The M-16 was actually developed from the ArmaLite AR-15. The AR-15 solved the assault rifle problem with a return to the original Avtomat. Instead of cutting down the standard battle round, it went with a lighter bullet and cartridge. That gave the same weight and recoil advantage with increased range, at the cost of reduced bullet impact. The AR-15 fired a bullet the same diameter as the .22 rifle so many kids grew up with, plinking at cans and bottles on a rural fence post. But it was longer, and had a lot more powder behind it. The military version, the M-16, had a compromise cartridge, an external box magazine, and a selective fire switch. Today, the M-16 doesn't actually fire full-auto, but fires either one shot at a time or three round bursts. Anything more was inaccurate and a waste of ammunition.

So where does that leave us today? The AR-15 we see now has the compromise cartridge and an external box magazine, but is semi-automatic fire, only. So is it an assault rifle? Frankly, who cares what we call it. The more important question is, what is it and what are its uses?

First, the .223 cartridge is not useful for hunting anything the size of a deer or larger. In hunting the goal is a quick, humane kill, and the .223 just doesn't pack enough oomph. Here in Indiana, the minimum bullet size is .243 inches. The light .223 is easily effected by wind and has low penetration.

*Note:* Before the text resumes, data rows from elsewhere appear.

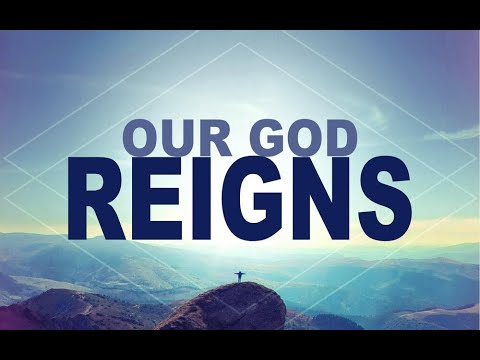 Reflections on Psalm 22:25-31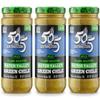 505 Southwestern (3-16oz Value Pack, Green Chile Mild) view 1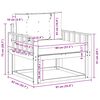 Imagen en miniatura del producto 10 de 10
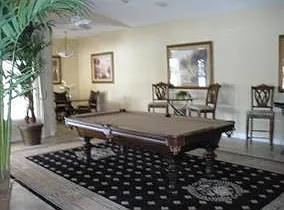 3400 Pinewalk Dr N #928 — Photo 15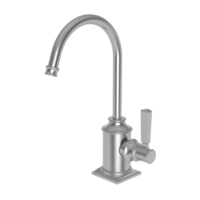 Beverage Faucet Beverage Faucet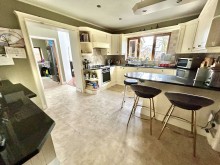 Images for Copperbeech Close, Northenden, M22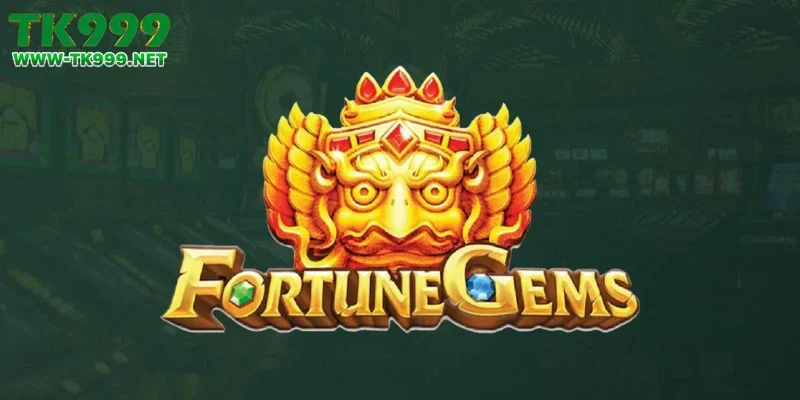 Fortune Gems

Second, a large box magazine is not only unnecessary, but in many cases illegal, for hunting. In Indiana, again, a hunter may have no more than 10 cartridges on hand at a time. And that makes sense. In a forest full of hunters, we want accurate individual shots, not some moron blasting away as fast as he can in the general direction of something that moved.

What about smaller game, like rabbits, squirrels, or other varmints? Well, that's really two different questions. Rabbits and squirrels are pretty small to be hit by a .223 round moving more than 3,000 feet per second. On a smaller animal, the hydrostatic shock of something moving that fast will pretty much blow it up. Longer range varmint shooting is often done with a .223 round, but in hyper-accurate bolt-action rifles, not semi-automatic box-magazine rifles like the AR-15.

So it's not a good hunting rifle. Sure, it can be used on smaller deer or larger varmints, but it's not ever the best tool for those jobs.

Is it a good self-defense weapon? Nope. Please allow me to explain. The .223 bullet is very small and moves very fast. At close range, like inside a house, before it starts to shed energy, it has very high penetration. Shoot it inside a house and it WILL go through dry wall into the next room, and unless you have X-ray vision, you can't see who or what is behind the wall. That's why a shotgun is the preferred self-defense long-warm. It is also long (though there are shorter carbine versions) and hard to swing around in confined spaces, which is why handguns work better for the purpose.

So what is it good for? It's good for a squad of soldiers laying down a high rate of fire at a greater range than a submachine gun. And it's good for an individual to put out a high rate of fire at the targets, be they paper or people. That's about it.

That's the AR-15 and how we got here. It is a highly-effective battle weapon, even absent full-auto fire, with little civilian use but target shooting or mass murder. That should be the basis of debate, not an argument about how to define the term "assault rifle."